§ Instructions to follow: Using the listing below, retype exactly the lines starting at the one with "Flachbandkabelhalter FKH80-HIR-BK-C1" and ending at the one with "remedy 30 capsules", and include both.

§ Data records:

☆ ☆ ☆ ☆ ☆ ☆ ☆

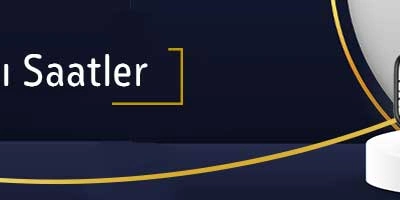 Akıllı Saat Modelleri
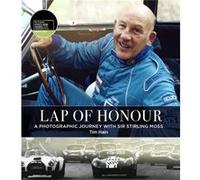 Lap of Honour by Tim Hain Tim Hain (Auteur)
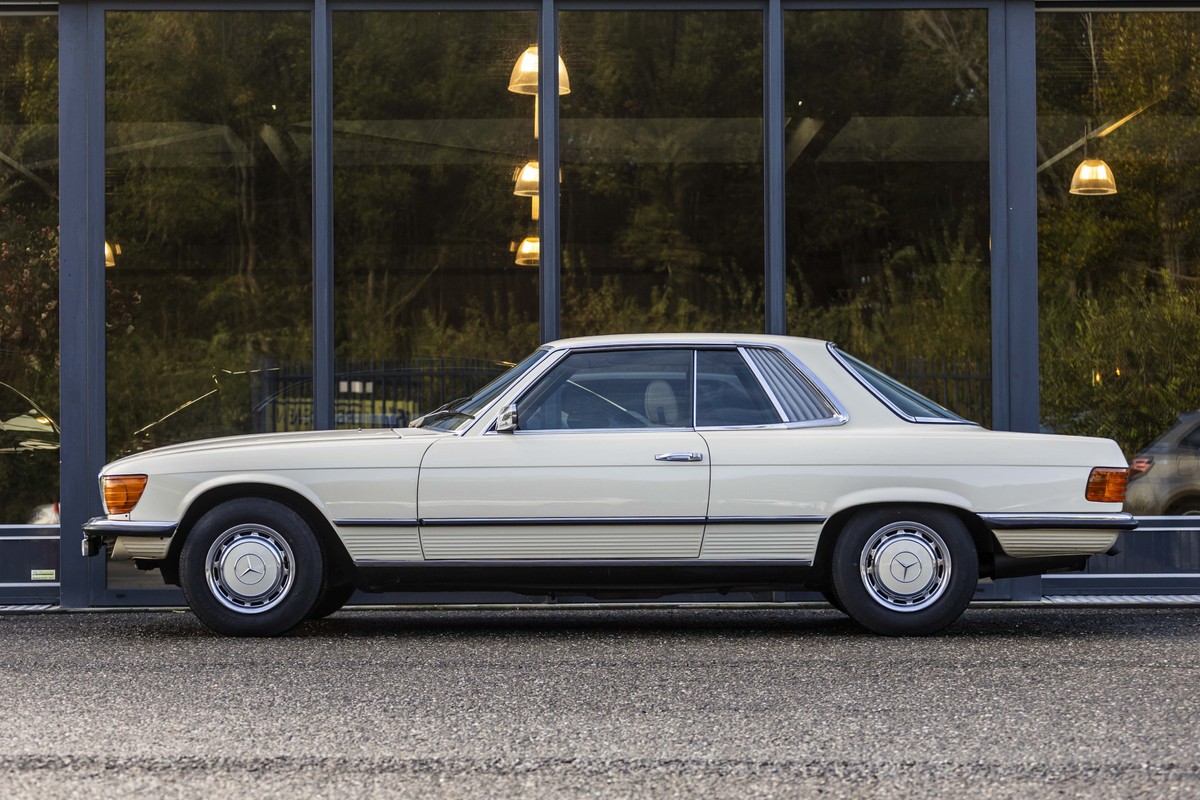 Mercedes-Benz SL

☆ ☆ ☆ ☆ ☆ ☆ ☆

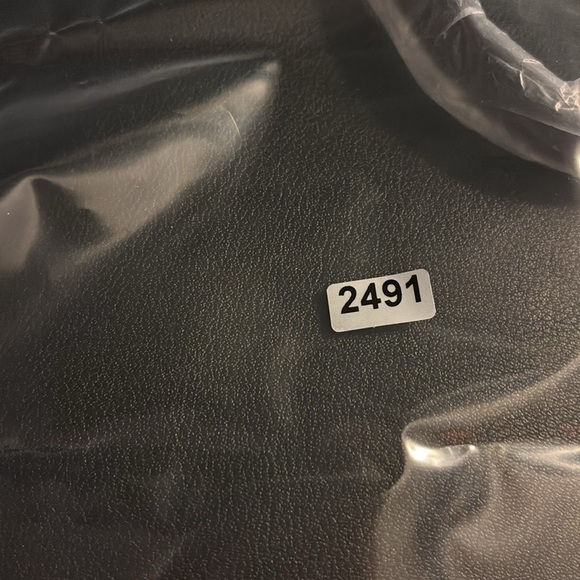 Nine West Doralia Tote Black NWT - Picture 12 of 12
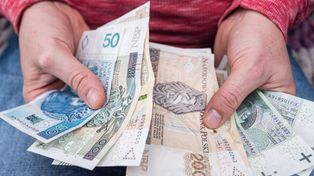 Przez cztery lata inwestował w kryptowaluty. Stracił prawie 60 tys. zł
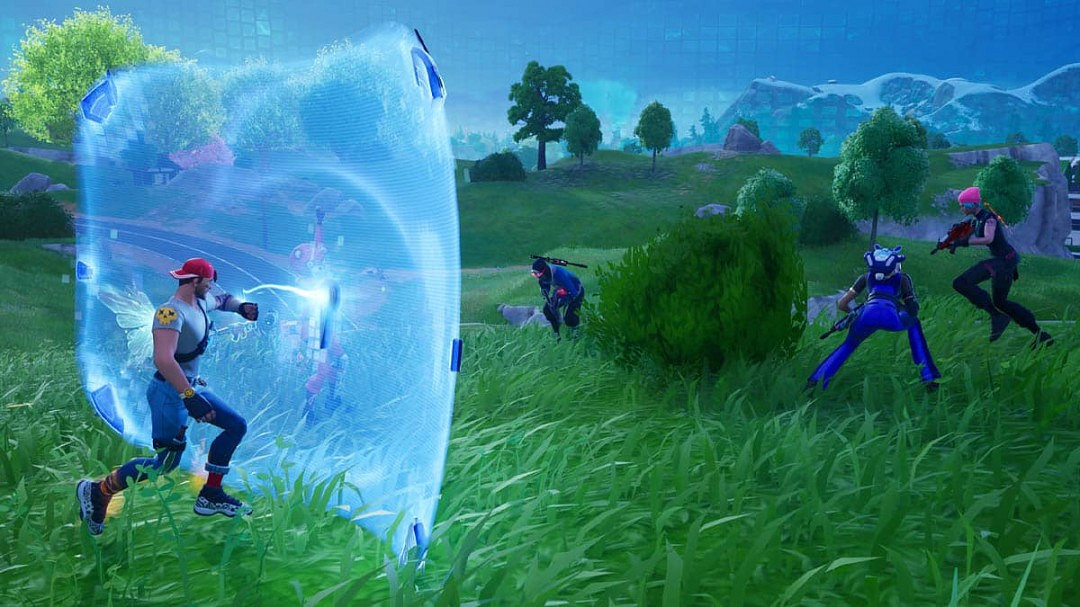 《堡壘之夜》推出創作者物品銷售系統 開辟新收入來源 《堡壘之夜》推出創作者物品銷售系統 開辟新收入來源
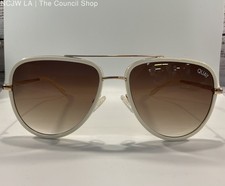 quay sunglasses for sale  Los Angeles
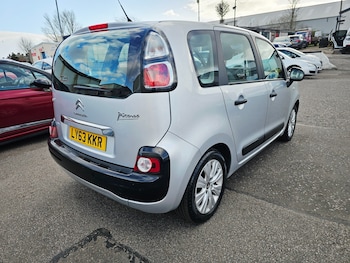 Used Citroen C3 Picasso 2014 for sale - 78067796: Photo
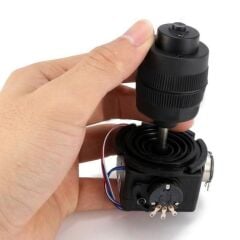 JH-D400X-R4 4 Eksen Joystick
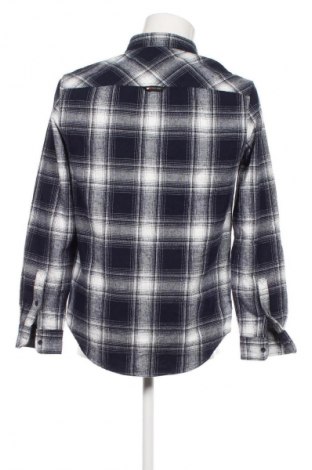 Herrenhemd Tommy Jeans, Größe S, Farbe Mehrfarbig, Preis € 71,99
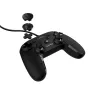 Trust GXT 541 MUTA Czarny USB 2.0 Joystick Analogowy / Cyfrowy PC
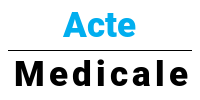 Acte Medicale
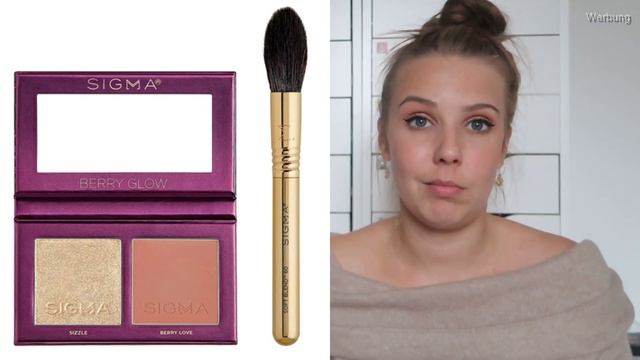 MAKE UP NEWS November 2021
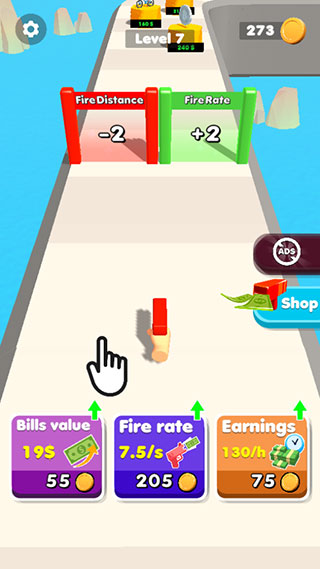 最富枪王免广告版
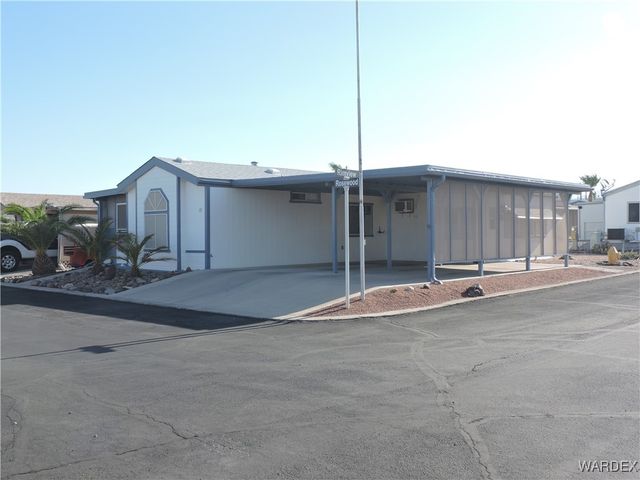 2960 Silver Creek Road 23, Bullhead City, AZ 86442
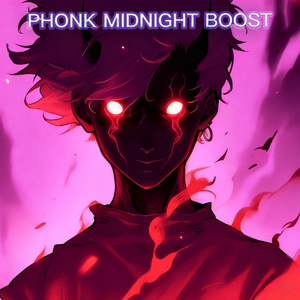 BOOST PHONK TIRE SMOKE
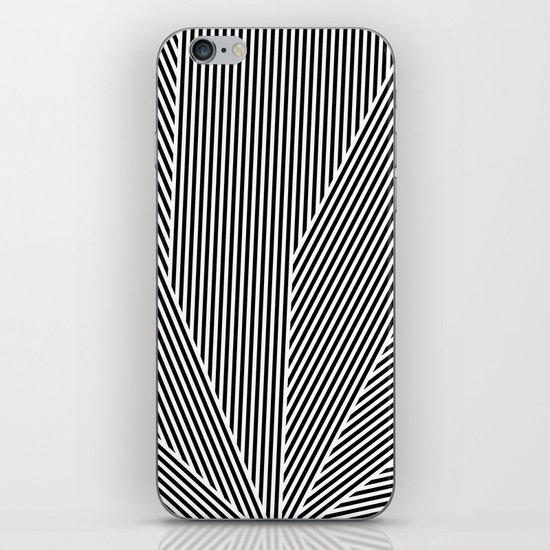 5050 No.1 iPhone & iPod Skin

☆ ☆ ☆ ☆ ☆ ☆ ☆

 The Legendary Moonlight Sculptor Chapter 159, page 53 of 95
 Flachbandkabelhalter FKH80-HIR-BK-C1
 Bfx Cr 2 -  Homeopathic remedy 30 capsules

☆ ☆ ☆ ☆ ☆ ☆ ☆

§ The completed task:
 Flachbandkabelhalter FKH80-HIR-BK-C1
 Bfx Cr 2 -  Homeopathic remedy 30 capsules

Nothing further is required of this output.